RAG
Build retrieval-augmented generation pipelines with chunking, ingestion, and hybrid search.
RAG (Retrieval-Augmented Generation) combines vector search with language models to answer questions from your documents. LocalMode provides all the building blocks: chunking, ingestion, semantic search, reranking, and hybrid search.
See it in action
Try Semantic Search and PDF Search for working demos of these APIs.
RAG Pipeline Overview
Chunk Documents
Split documents into smaller, semantically meaningful pieces.
import { chunk } from '@localmode/core';
const chunks = chunk(documentText, {
strategy: 'recursive',
size: 512,
overlap: 50,
});Generate Embeddings & Store
Create embeddings and store in a vector database.
import { ingest, createVectorDB } from '@localmode/core';
const db = await createVectorDB({ name: 'docs', dimensions: 384 });
await ingest({ db, model: embeddingModel, documents: chunks });Search & Retrieve
Find relevant chunks using semantic search.

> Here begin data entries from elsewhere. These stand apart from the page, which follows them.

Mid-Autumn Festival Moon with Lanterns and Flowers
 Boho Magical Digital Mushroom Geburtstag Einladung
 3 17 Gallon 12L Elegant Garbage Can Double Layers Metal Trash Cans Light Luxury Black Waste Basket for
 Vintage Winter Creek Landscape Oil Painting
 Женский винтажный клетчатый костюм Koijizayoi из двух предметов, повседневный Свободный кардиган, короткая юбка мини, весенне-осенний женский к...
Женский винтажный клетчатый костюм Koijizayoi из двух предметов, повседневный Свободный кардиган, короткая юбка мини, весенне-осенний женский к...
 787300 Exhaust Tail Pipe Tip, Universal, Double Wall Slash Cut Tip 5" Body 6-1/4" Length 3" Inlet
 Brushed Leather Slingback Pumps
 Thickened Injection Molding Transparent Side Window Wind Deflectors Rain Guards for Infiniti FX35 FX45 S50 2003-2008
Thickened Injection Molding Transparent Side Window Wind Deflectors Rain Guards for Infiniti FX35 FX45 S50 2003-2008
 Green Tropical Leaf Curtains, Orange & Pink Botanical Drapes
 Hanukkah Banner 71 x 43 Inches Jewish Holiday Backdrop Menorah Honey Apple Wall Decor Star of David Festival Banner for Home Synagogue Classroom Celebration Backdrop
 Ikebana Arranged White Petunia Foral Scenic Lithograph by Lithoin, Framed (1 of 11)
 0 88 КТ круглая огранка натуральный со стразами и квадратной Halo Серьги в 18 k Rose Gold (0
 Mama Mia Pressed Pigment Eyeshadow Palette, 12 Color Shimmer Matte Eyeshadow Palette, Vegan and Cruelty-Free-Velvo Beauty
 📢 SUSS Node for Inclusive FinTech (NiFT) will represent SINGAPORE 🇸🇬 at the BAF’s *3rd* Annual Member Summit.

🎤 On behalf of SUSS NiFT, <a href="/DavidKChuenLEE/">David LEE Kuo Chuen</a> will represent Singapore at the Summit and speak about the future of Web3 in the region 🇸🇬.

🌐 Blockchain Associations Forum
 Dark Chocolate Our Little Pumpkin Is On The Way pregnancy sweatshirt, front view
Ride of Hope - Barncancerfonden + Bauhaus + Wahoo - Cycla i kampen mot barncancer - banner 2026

import { semanticSearch } from '@localmode/core';
const results = await semanticSearch({
db,
model: embeddingModel,
query: userQuestion,
k: 10,
});Rerank for Precision
Optionally rerank results for better accuracy.
import { rerank } from '@localmode/core';
const reranked = await rerank({
model: rerankerModel,
query: userQuestion,
documents: results.map((r) => r.metadata.text),
topK: 5,
});Generate Answer
Use an LLM to generate an answer from the context.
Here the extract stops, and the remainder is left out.